その日から蘭が夕食を作りに来てくれるようになった。「ちゃんと食べるものも食べなきゃ推理も出来ないわよ」と言って。
もう見慣れた筈の、幼馴染にして最も愛しき人が自宅で見せる立ち居振る舞いの1つ。だが、その過程かどこかで、自分が読んだ小説のような行動に出そうな
気がしてならない。新一の頭の中では、自分が蘭の両肩を掴んで蘭が目を閉じ、目を閉じながら徐々に蘭の顔が迫って来る様子が何度も繰り返される。
 新一は蘭とまだキスをしていない。
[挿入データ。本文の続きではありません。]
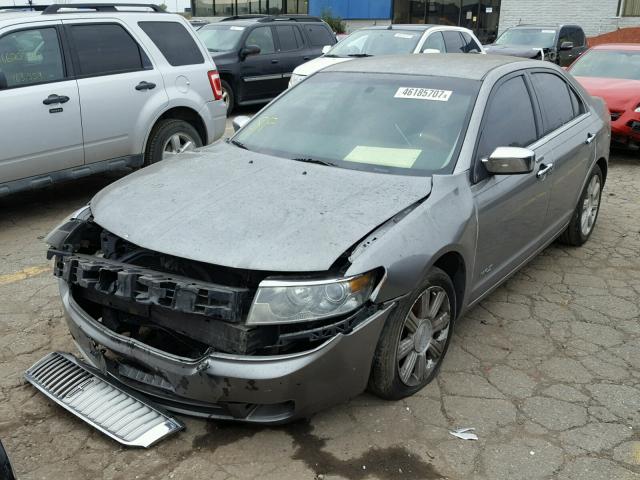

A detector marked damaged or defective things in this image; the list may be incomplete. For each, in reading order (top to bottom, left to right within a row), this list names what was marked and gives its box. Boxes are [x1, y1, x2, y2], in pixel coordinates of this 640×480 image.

crumpled hood [294, 55, 352, 77]
crumpled hood [568, 75, 640, 112]
detached front bumper [60, 282, 392, 424]
crumpled hood [89, 142, 430, 272]
broken headlight assembly [244, 272, 376, 324]
cracked pavement [1, 130, 640, 476]
damaged gray sedan [46, 55, 608, 424]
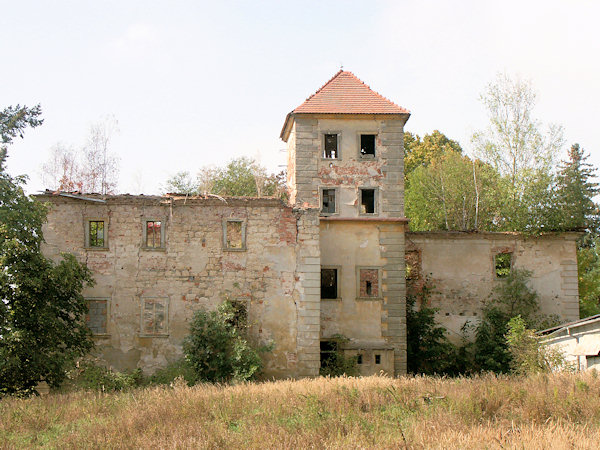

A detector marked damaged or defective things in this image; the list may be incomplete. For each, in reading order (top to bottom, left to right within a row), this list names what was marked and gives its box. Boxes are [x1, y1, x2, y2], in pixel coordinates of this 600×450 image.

園子からは「散々待たせたんだからお詫びのキスくらいしてあげなさいよ」と頻繁に煽られている。
その度に「キスの何がお詫びなんだよ」と返してはいるが、今日園子から借りた小説を読んで、俄かに蘭とキスしたい、という気持ちが膨らんできている。

詫びではなく、愛情表現として。

勿論、蘭が夕食を作ってくれる度に礼は言っている。だが、それは言うまでもなく愛情表現ではない。
自分が蘭に特別な感情を抱いていることを、江戸川コナンだった時代に痛切に悟った。蘭も同じ気持ちだということも。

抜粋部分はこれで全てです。